Page MenuHomePhabricator

[DAG] convert vector select-of-constants to logic/math
ClosedPublic

Authored by spatel on Aug 17 2017, 11:44 AM.

Details

Summary

This goes back to a discussion about IR canonicalization. We'd like to preserve and convert more IR to 'select' than we currently do because that's likely the best choice in IR:
http://lists.llvm.org/pipermail/llvm-dev/2016-September/105335.html
...but that's often not true for codegen, so we need to account for this pattern coming in to the backend and transform it to better DAG ops.

Steps in this patch:

  1. Add an EVT param to the existing convertSelectOfConstantsToMath() TLI hook to more finely enable this transform. Other targets will probably want that anyway to distinguish scalars from vectors, but we need it here because AVX512 vectors infinite loop with these folds.
  2. Convert vselect to math or logic. Credit to @RKSimon for suggesting the xor/and/xor hack instead of add/sub for the general case ( also see https://graphics.stanford.edu/~seander/bithacks.html#MaskedMerge ). Bitwise ops should always be more amenable to further folding, so we don't need to add even more special cases for -1/0 constants here.

Try to verify the logic in Alive:
http://rise4fun.com/Alive/yFR

For x86, blendv* is always a multi-uop / multi-cycle instruction according to Agner's docs, so it always makes sense to replace that with simpler instructions. I'm not sure if the same is true for PPC.

Ie, if this:
-; CHECK-NEXT: xxsel 34, 51, 50, 34
+; CHECK-NEXT: xxland 0, 34, 50
+; CHECK-NEXT: xxlxor 34, 0, 51

...is not a good optimization in general, we could make the TLI hook distinguish between constants as a further refinement. Another possibility is to convert that back into a select as a machine-instruction-level fold predicated on uarch details?

Diff Detail

Repository
rL LLVM

Event Timeline

spatel created this revision.Aug 17 2017, 11:44 AM

> For x86, blendv* is always a multi-uop / multi-cycle instruction according to Agner's docs

Are you sure?

Bulldozer, Piledriver, Ryzen, and Skylake seem to list PBLENDVB and BLENDVPS as 1 uop.

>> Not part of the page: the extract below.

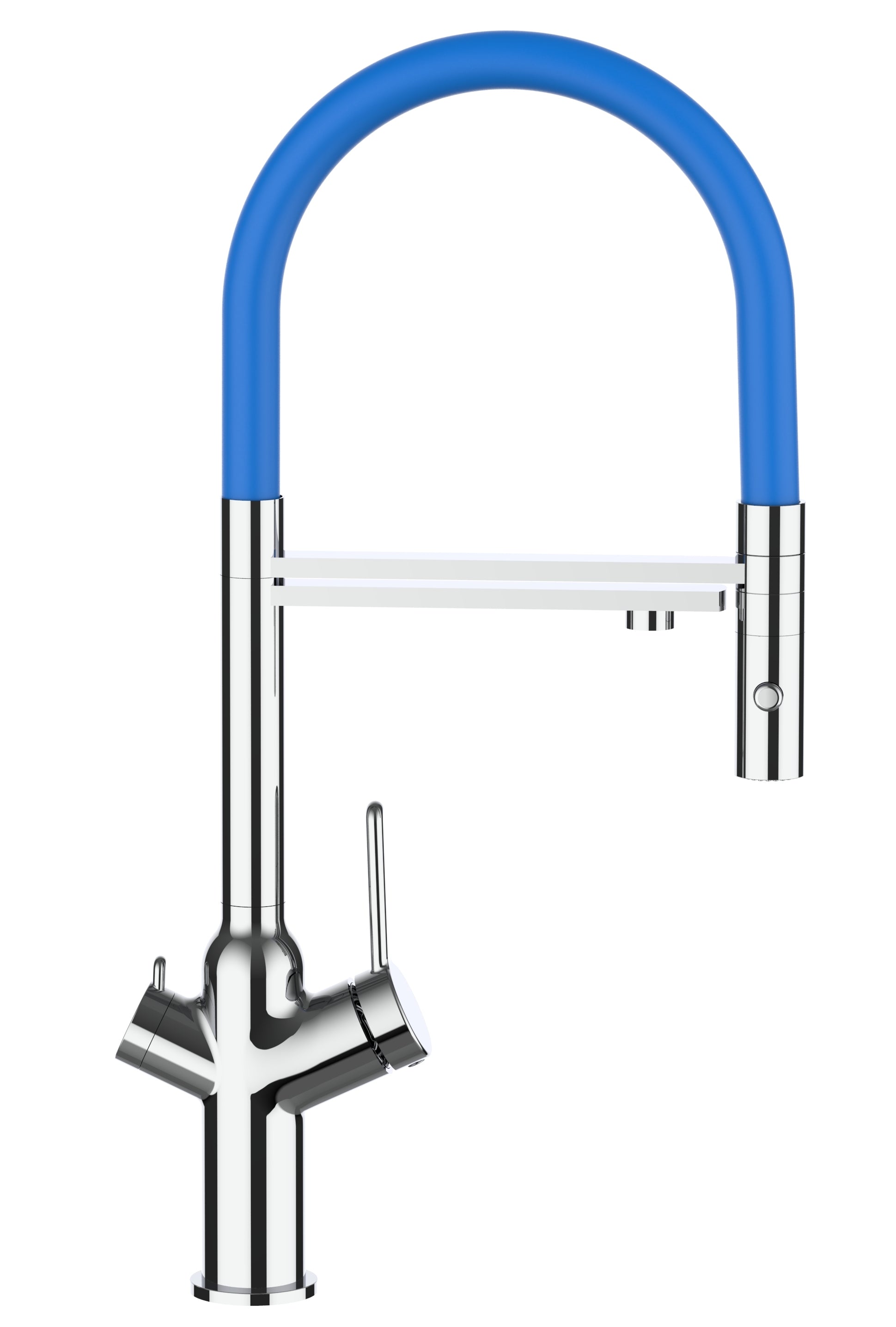 3 Way Kitchen Filter Tap, BOD, with 360° swivel spout and 2-jets removable Spray, Chrome / Blue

Oops...maybe it's not so clear anymore. Page references to the doc dated May 2, 2017:

Bulldozer, Piledriver: 1 uop and 2 cycle latency for 128-bit; 2 uops and 2 cycles for 256-bit. (p. 48, 61)
Ryzen: 1 uop and 1 cycle for 128-bit; 2 uops and 1 cycle for 256-bit. (p. 88)
Skylake: 1 uop and 1 cycle for 128-bit (or just legacy encoded xmm?); 2 uops and 2 cycles for 256-bit (or any vex version?) (p. 239, 243)

So yes, it seems the recent uarch are putting more effort into making blendv a fast op. I think logic ops are still the better choice for default x86 (~SandyBridge). As I suggested in the description, we could re-form a select in machine combiner or some other machine pass if that's the better choice for a particular uarch. WDYT?

Adding some more x86 experts.

If the general case is controversial, another possibility would be to split that off as its own patch. All of the special case (0, -1, off-by-one) diffs are clear wins?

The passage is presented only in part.